How does Rene Pawlowitz manage to stir up such a flux of excitement when his records first appear on those Hardwax pages? After all, we’re not exactly talking about the latest chart hit here – his productions are notoriously raw, off-kilter, reductionist and largely beat-driven, containing only shards of fragmented melodies, but yet there’s a distinctively personal and honest characteristic about them.
The man otherwise known as Shed, Head High, WK7 and a whole myriad of other pseudo-rave monikers has undoubtedly injected a certain flair and playfulness into techno, a genre which is now all too often predisposed towards monotony, partly through the aforementioned shape-shifting, but more importantly with his inimitable percussion style which – for better or worse – never ceases to render him unrecognisable. In fact, he’s almost a prisoner of his own identity, one which simply cannot be masqueraded from its oozing individuality.
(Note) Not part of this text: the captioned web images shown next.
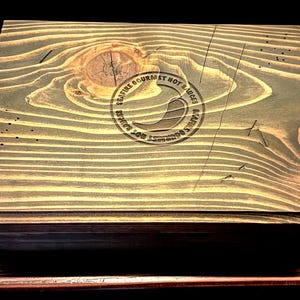 May include: A wooden box with a dark green stain and a circular logo that reads "Seafire Gourmet Hot Sauces & Flavor Goodness".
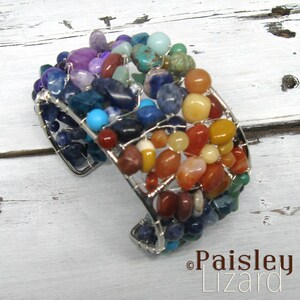 May include: A silver wire wrapped bracelet with a variety of colorful gemstones, including red, orange, yellow, green, blue, and purple. The bracelet is made with a wire mesh design and is a statement piece.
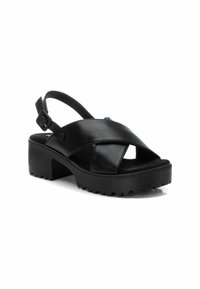 Sandalia de cuero negro con diseño de tiras cruzadas, correa de talón ajustable y suela de goma texturizada. Punta cuadrada y tacón ligeramente elevado.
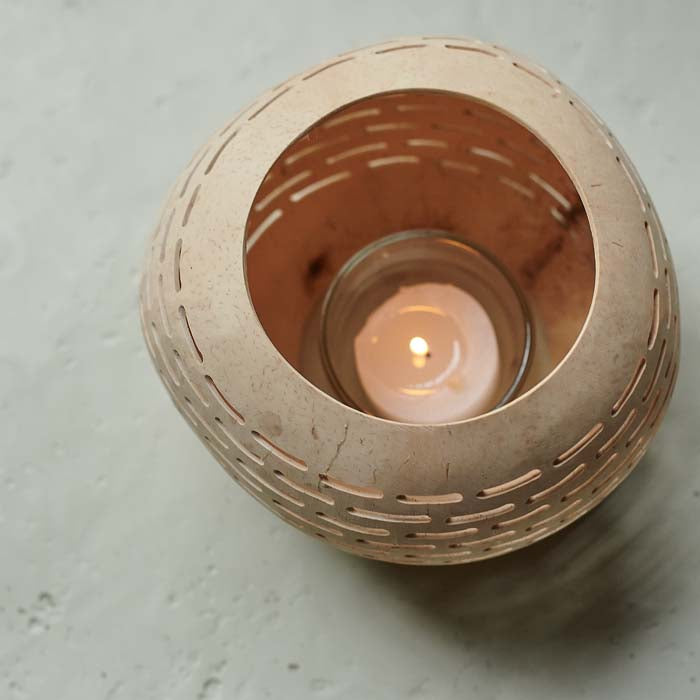 Tealight candle glowing inside a coconut candle holder.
Whether it be his Shed project, one reserved predominantly for more reflective work, the dub-filtered hysterics of his WAX/EQD 12”s or the presently reviewed Power House/H2 subsidiary, Pawlowitz’s most alluring traits lie in his ability to homogenise these divergent musical psyches into one irresistibly unique framework, but also to successfully align the past with the future. Indeed, it’s evident that some of his best tracks, particularly the Power House cuts, are blatant odes to rave and hardcore’s seminal influence on his own musical heritage, something which is clearly audible from those beautifully hollow bass drums, subtle breakbeats and almost hummable, tattered melodies. But Shed’s productions are just too darn enticing and unpredictable to be considered mere re-workings of old ideas.
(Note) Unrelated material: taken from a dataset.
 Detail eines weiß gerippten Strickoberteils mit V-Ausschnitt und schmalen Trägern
Even this latest Head High excursion is a brutally honest portrayal of how former styles can seamlessly integrate with more contemporary influences to create something that’s both interesting and experimental without forsaking a more grounded musical framework. Zigg Gonzaless, another new facade created to express Rene’s smoother personality, steps up with a sweltering quasi-deep house bomb, and if it weren’t for those pounding, reverberated kick drums, he could almost fool us into believing it wasn’t him. Its accompanying female vocal, softly echoing the word “house” over and over, blends fluidly with the delayed chords bouncing freely between the sliding plates of percussion. It almost sounds like the birth-child of “Rave”, Shed’s previous Power House seducer, albeit with a slower tempo and considerably gentler arrangement.
It’s with Head High’s remix of “Penny Pincher” that Rene gives us our expected bewilderment. A ferocious mishmash of booming kicks and rattling hi-hats shake frenziedly above a vortex of white noise, with Shed’s familiarly brooding chords very much in sight. It’s a track which further manifests his skill at creating solid, relentless grooves built with both the listener and DJ in mind.